The tiny matching white teapot seemed almost too big for her to lift. A pale liquid poured into another white china dish. He nodded in thanks when she had finished pouring his, and lifted it to his lips.
Instantly he gagged and spit it back in the cup.
“This...is this gasoline?!” he asked frantically, recognizing the smell from the inferno. Her head tilted.
“So? You don’t like it?” She asked cutely. Dundalis opened his mouth to respond but was interrupted.

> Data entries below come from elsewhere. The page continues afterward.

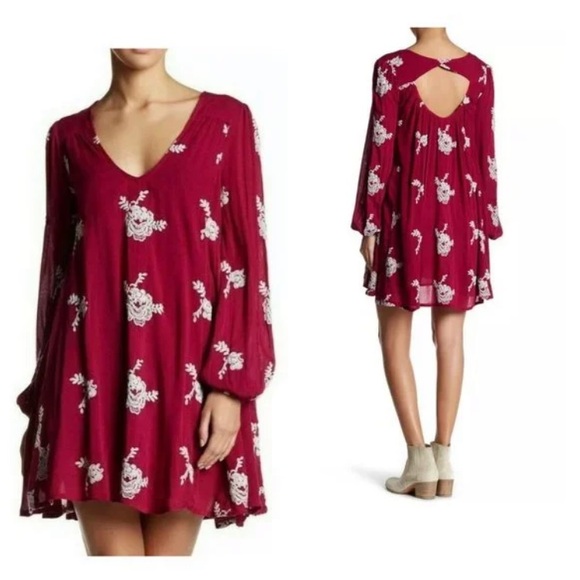🎉Free People Austin Emma Maroon Embroidered Floral Long Sleeve Dress A180 - Picture 8 of 8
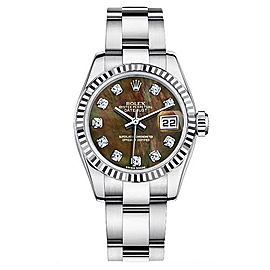 Rolex Women's New Style Steel Datejust Oyster Band with Black Mother of Pearl Diamond Dial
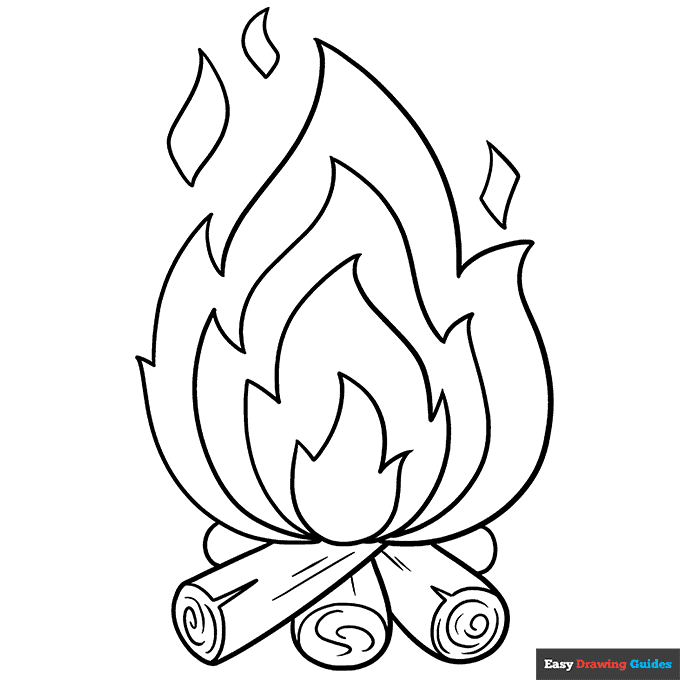 Fire coloring page easy drawing guides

“ Enjoying ourselves, aren’t we? ” Came a disdainful voice from a corner he had yet to notice. Dundalis set the cup down. His head slowly turned…
/Oh/.
It was gigantic, making up almost the entire wall of the cave. Dundalis had to crane his head up just to see its entirety. It was terrifying, a skeleton with a thin stretch of rank flesh stretched over its ribs. All of the bones protruded, and on its front arms and legs, the skin was completely gone- bones with small amounts of rotten muscle clinging to the joints, and three long sharp black fingers gripped the ground before it, chained completely, and inescapably bound. Its feet were together and apparently wedged into the ground, rocks swallowed up the lower portion of its body. The thing’s face was like the skull of a ram, with long extended horns, eye sockets empty but emitting a fiery light which seemed to blink on its own. Black smoke and little tongues of the fire squeezed out from its mouth and around its protruding tusk’s like that of a boar’s. Dundalis leaned back as it’s tattered wings whisked open and shut again, blasting him with an unfamiliar wind. Dundalis was speechless.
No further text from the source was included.